Monday, August 20, 2007

An American-centric Response To A Critique of American-centrism

Right-wing blogger response to "The War As We Saw It" is starting to trickle in, and predictably they all think the authors are wrong. The tone, however, ranges from respectful disagreement to the condescending to the seriously snarky. What I find most remarkable about the arguments offered to dispute the op-ed's conclusions is how American-centric they are -- precisely the mistake the seven NCOs who wrote it warned against.

Here is Uncle Jimbo at Blackfive, apparently bewildered by the authors' point about the Iraqi government's fear that Sunnis who work with Americans now, will turn against the American-backed government as soon as we leave:

Of course the government should fear that the Sunnis may turn against them, that is what gives them a need to make deals with them to prevent just that. We can't just spin up a fully functional liberal democracy, and we shouldn't be trying to. We can set up a central government that responds to the needs and desires of the various groups and ensures that none take undue advantage.

The whole point is that we can't control what happens to the central government that we set up after we leave. We can woo Sunni leaders in Anbar to support the political arrangements that Washington supports, but when U.S. troops come home, those alliances could easily come apart. And Iraqis have to live with the consequences of American meddling in Iraq's internecine conflicts long after we are gone.

It's not all about us. It's not all about what WE do to "give" the Iraqis "a central government that responds to the needs and desires of the various groups and ensures that none take undue advantage." We can "ensure" exactly nothing for Iraqis when we are not in Iraq anymore. This is not an erector set we're building here. This is a real, actual, living society and culture with a history. We cannot just "change" Iraqi alliances and political realities to be the way we want them to be, and then set them down carefully on the ground and leave, and expect them to stay the way we put them. It is not all about us. Look at the situation from an Iraqi point of view for once.
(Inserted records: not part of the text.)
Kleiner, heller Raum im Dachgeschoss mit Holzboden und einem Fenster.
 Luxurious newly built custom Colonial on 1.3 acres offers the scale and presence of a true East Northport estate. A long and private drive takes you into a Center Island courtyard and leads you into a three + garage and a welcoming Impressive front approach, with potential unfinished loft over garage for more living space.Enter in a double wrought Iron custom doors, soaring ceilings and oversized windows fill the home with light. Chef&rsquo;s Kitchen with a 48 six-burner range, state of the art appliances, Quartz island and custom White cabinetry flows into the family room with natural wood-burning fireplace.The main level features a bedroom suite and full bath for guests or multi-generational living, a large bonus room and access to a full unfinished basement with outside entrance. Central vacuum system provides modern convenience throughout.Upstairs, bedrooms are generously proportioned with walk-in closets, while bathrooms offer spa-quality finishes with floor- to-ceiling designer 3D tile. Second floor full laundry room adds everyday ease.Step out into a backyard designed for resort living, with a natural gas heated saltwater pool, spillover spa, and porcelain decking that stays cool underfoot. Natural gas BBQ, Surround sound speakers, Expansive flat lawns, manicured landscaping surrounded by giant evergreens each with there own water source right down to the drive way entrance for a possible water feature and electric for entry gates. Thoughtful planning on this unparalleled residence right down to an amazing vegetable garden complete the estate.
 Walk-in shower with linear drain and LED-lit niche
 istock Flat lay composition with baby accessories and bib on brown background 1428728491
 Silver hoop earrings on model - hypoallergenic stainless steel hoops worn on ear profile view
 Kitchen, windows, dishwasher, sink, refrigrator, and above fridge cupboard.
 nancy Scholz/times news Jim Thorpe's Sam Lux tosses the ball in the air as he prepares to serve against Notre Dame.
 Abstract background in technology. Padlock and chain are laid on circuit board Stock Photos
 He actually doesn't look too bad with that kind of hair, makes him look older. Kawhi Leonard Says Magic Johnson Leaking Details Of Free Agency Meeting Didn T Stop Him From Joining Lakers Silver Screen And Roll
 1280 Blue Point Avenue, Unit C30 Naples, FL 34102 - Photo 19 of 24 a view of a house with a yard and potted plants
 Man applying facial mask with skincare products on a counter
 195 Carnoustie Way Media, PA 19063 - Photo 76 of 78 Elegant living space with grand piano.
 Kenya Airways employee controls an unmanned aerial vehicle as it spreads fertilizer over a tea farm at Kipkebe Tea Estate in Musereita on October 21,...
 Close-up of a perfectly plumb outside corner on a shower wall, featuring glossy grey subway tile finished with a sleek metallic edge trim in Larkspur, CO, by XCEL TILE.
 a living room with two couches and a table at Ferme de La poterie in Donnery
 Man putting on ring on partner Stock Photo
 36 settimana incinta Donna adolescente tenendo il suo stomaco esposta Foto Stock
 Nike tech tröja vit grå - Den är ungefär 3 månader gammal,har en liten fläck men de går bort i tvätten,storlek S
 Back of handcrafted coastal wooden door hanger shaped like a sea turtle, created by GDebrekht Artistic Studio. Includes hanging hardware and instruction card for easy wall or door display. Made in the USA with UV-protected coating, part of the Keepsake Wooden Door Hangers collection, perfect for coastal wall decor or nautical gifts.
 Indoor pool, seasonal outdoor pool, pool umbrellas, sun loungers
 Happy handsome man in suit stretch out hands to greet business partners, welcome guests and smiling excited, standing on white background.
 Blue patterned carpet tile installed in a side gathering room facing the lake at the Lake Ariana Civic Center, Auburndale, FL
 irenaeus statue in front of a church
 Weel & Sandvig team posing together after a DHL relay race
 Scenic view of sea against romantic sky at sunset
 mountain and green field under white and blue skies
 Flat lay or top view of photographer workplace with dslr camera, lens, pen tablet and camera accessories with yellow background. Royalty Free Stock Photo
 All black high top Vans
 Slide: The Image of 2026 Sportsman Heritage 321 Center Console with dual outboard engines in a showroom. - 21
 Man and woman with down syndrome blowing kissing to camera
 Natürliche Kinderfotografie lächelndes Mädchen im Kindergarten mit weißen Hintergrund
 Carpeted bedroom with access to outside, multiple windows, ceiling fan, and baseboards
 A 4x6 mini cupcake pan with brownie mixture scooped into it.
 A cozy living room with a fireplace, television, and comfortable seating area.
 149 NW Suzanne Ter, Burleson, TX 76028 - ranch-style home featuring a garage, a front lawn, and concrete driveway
Next comes McQ, again defining what is real and factual by telling us what Americans see, what Americans are doing, what conditions look like to Americans, what Americans tell Iraqis, what Americans think Iraqis are understanding about what Americans are doing:
They [the op-ed's authors] conclude:
In the end, we need to recognize that our presence may have released Iraqis from the grip of a tyrant, but that it has also robbed them of their self-respect. They will soon realize that the best way to regain dignity is to call us what we are — an army of occupation — and force our withdrawal.

Except we've been through that and that is now changing in many areas of Iraq. They've left out an important change taking place in some areas of Iraq. There is another realization which has taken place for much of the population and it was never more clearly stated than in Michael Yon's dispatch from Baquba when he talked about how one of the leaders of the 1920s Revolutionary Brigade finally figured out that we wanted out of there just as badly as they wanted us out, but that we weren't leaving until Iraq was secure and al Qaeda defeated.

That's a major shift in attitude and it is certainly a shift away from the belief that the US military is an occupation force. It was certainly that belief which drove him and his insurgents to fight us previously. It was putting aside that belief that had him come to us as an ally, albeit a limited one, in Baquba.

I know the Yon piece to which McQ is referring here; I read it. And I had exactly the same reaction to it as I have now to McQ's repeating Yon's words about what Iraqis have "realized" and "figured out" about why Americans are in Iraq -- as if (a) Michael Yon's personal opinion on why the U.S. is in Iraq were objective fact, and not simply the subjective view of someone who supports the Bush administration's Iraq policies; and as if (b) all that's needed to know exactly how Iraqis feel about any given subject or event is what Michael Yon tells us Iraqis have told him that they feel.

You cannot get more American-centric than that.